Short text fragments from websites

================

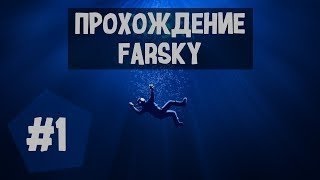 Прохождение FarSky #1 - Днище ипанное!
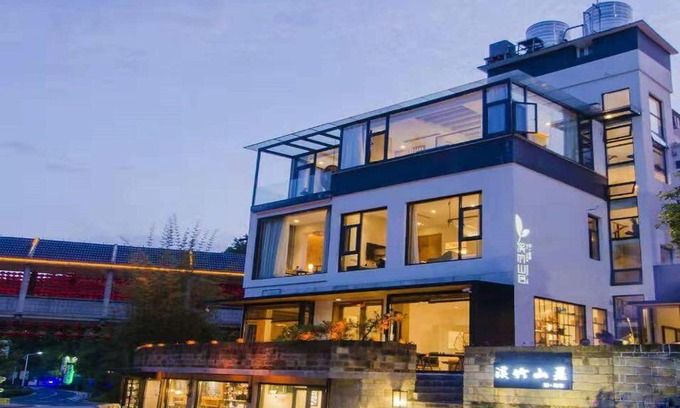 Huangshan House | Villa EN Emerald Valley, Huangshan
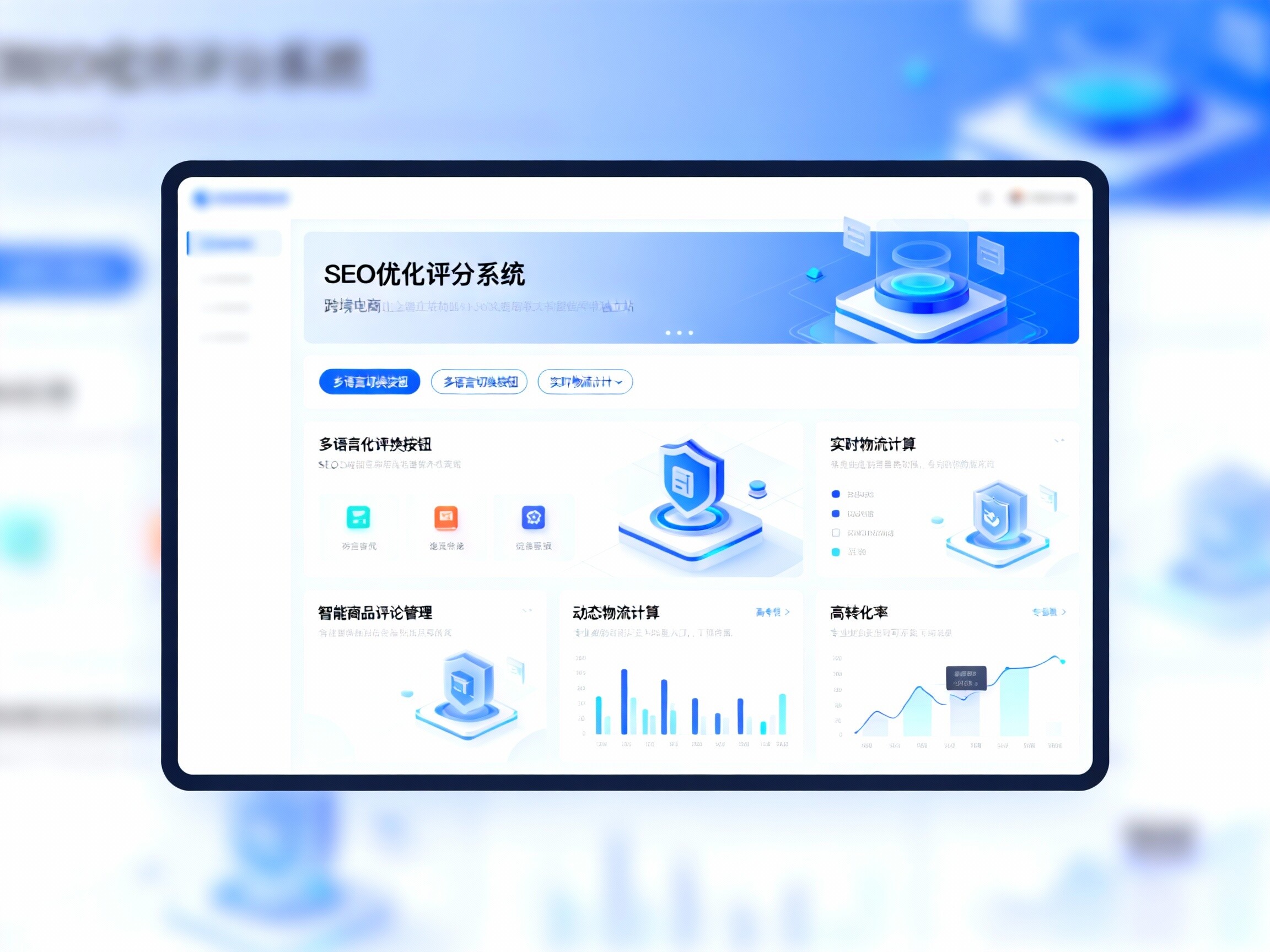 【掌控流量】跨境电商新纪元：易营宝SaaS，打造“高转化”独立站，实现“品牌化”全球直销！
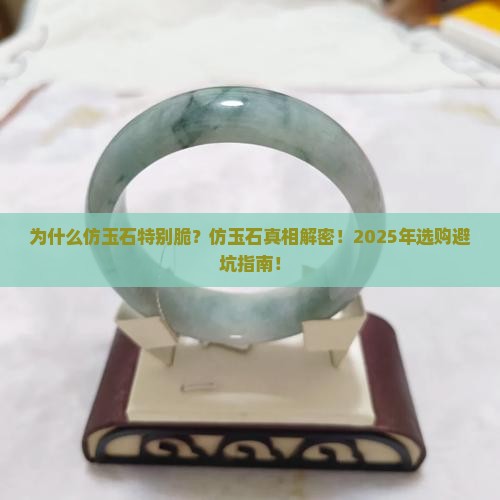 仿玉石为什么特别脆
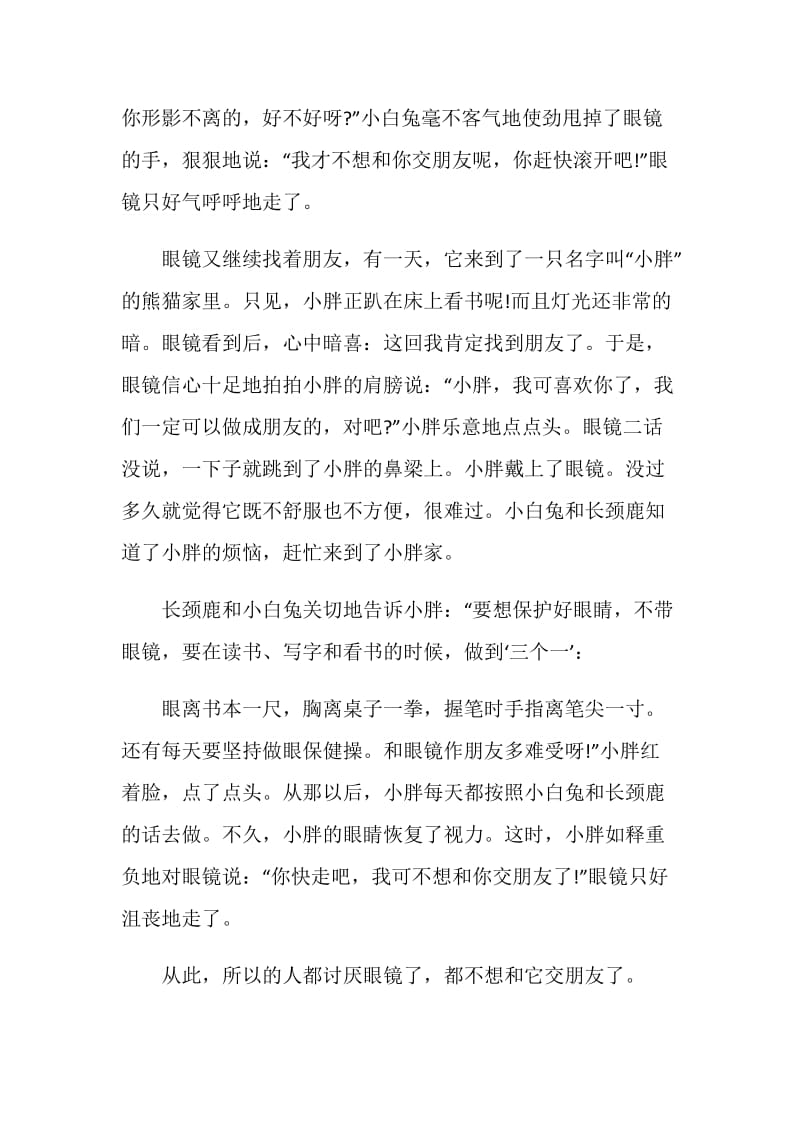 爱眼护眼光明未来近视防控专家直播2020观后感.doc_第2页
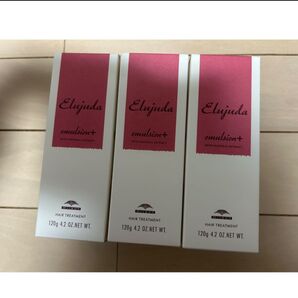 エルジューダ エマルジョンプラス 3本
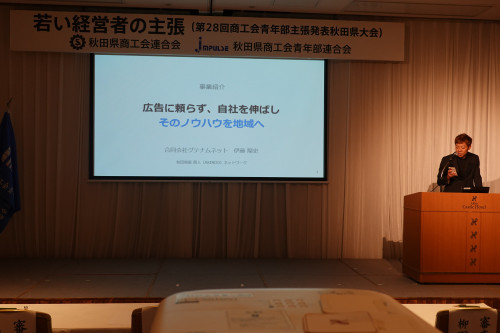DSC05916.JPG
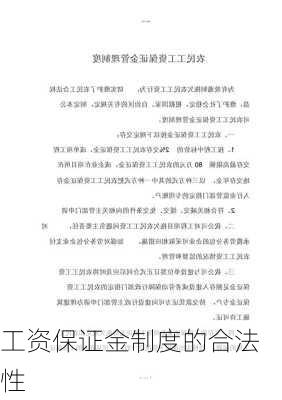 工资保证金制度的合法性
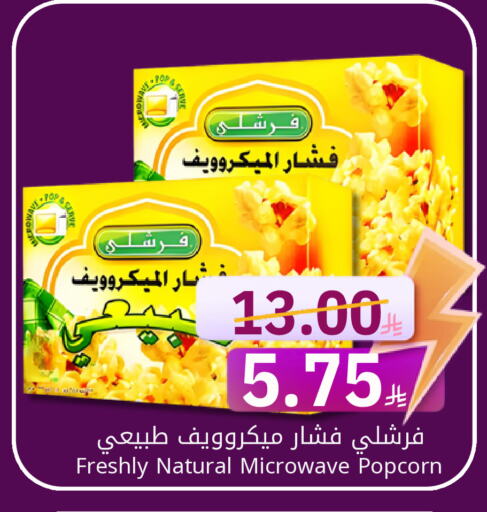 available at Candy Planet in KSA, Saudi Arabia, Saudi - Al Khobar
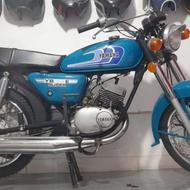 یاماها سوپر مدل71پلاک ملی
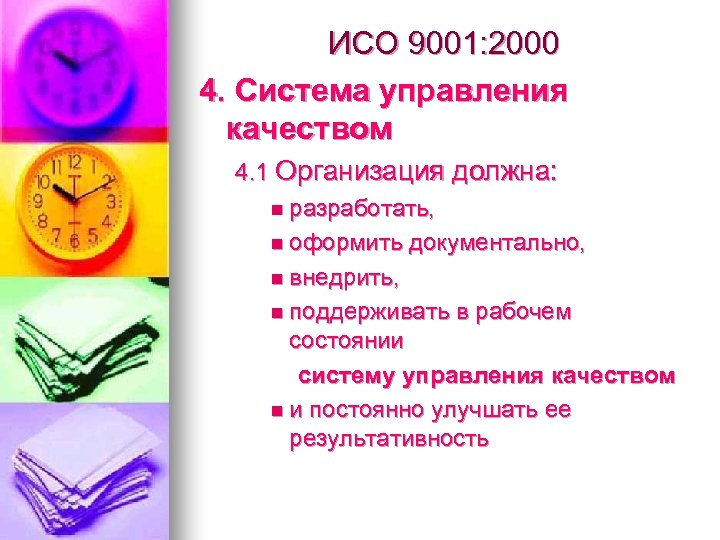 ИСО 9001: 2000 4. Система управления качеством 4. 1 Организация должна: n разработать, n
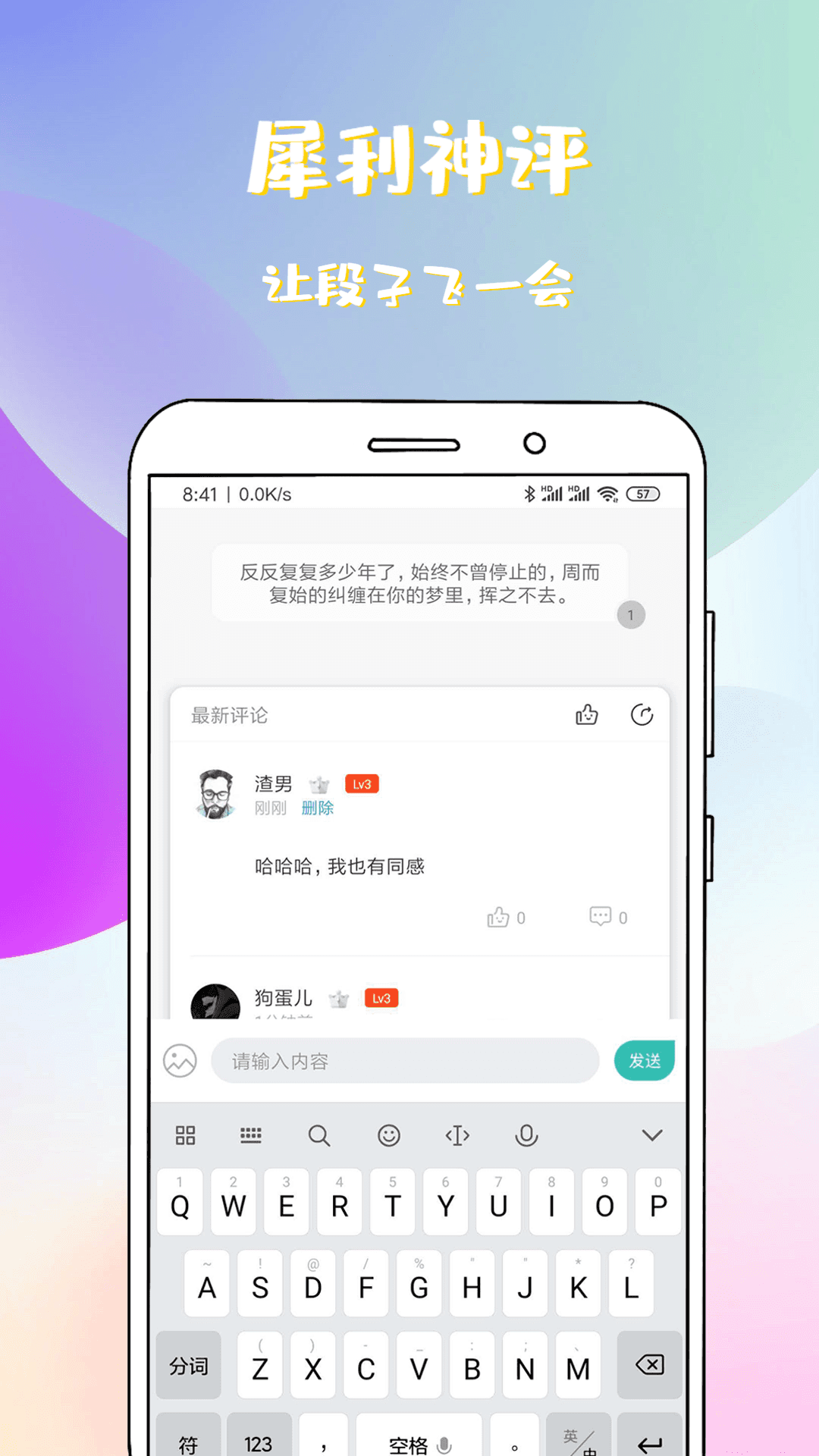 稀饭阅读截图(5)
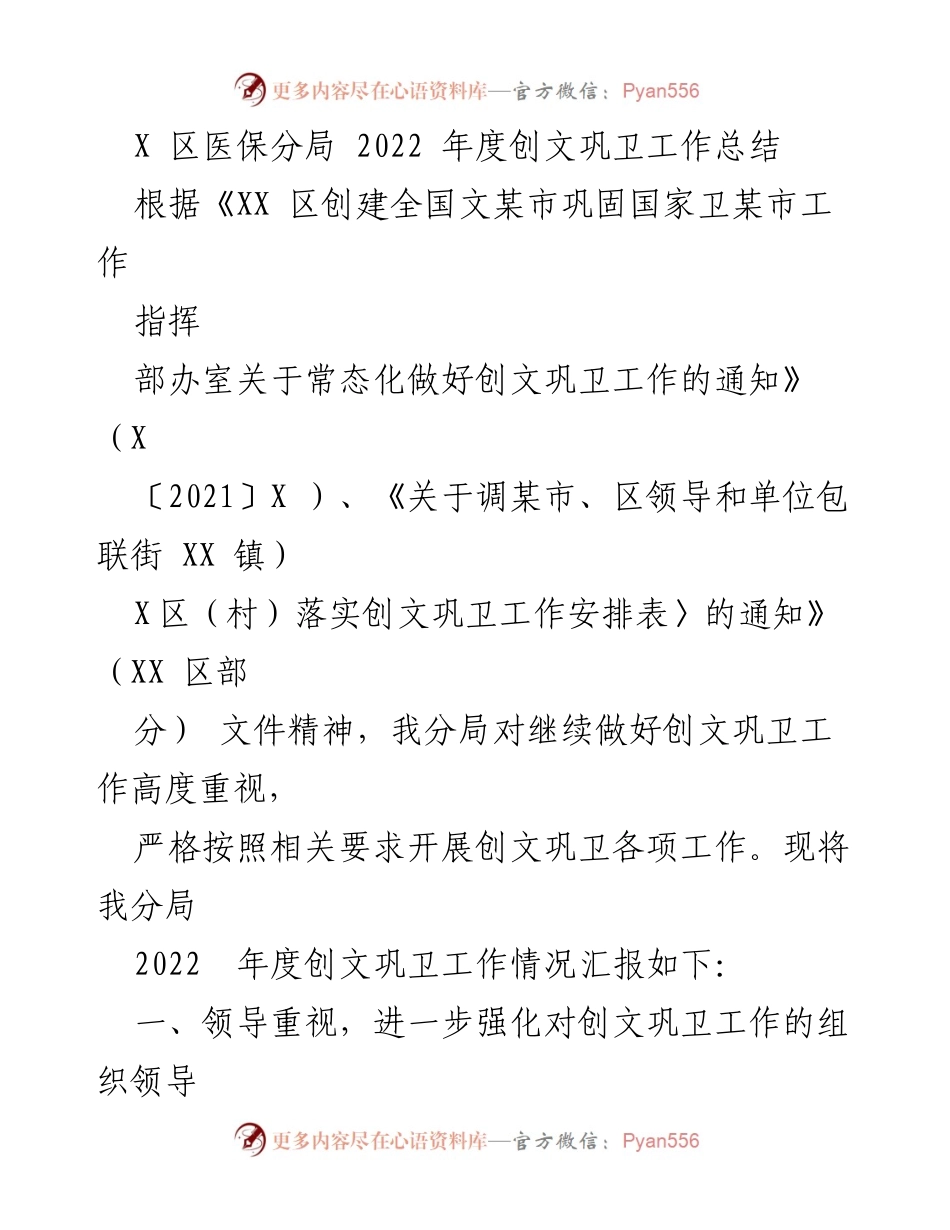 [工作总结] 医保分局 - 2022年度创文巩卫工作总结.docx_第1页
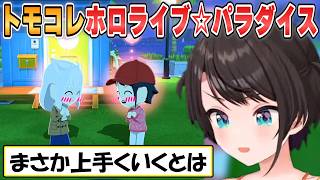 【スバル】フブちゃんの恋が実りカップルとなったスバルが作りあげる「ホロライブ☆パラダイス」まとめ【ホロライブ/切り抜き】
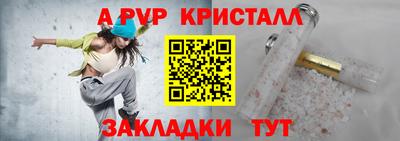 ПСИЛОЦИБИНОВЫЕ ГРИБЫ Кунгур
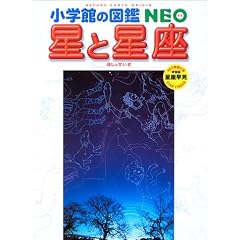 ���Ɛ��� (���w�ق̐}��NEO)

================

What is expected :: The answer should contain nothing but the lines from the top of the data above through the line containing "یاماها سوپر مدل71پلاک ملی", copied exactly, with no images.

Result of this exercise ::
 Прохождение FarSky #1 - Днище ипанное!
 Huangshan House | Villa EN Emerald Valley, Huangshan
 【掌控流量】跨境电商新纪元：易营宝SaaS，打造“高转化”独立站，实现“品牌化”全球直销！
 仿玉石为什么特别脆
 爱眼护眼光明未来近视防控专家直播2020观后感.doc_第2页
 エルジューダ エマルジョンプラス 3本
DSC05916.JPG
 工资保证金制度的合法性
 available at Candy Planet in KSA, Saudi Arabia, Saudi - Al Khobar
 یاماها سوپر مدل71پلاک ملی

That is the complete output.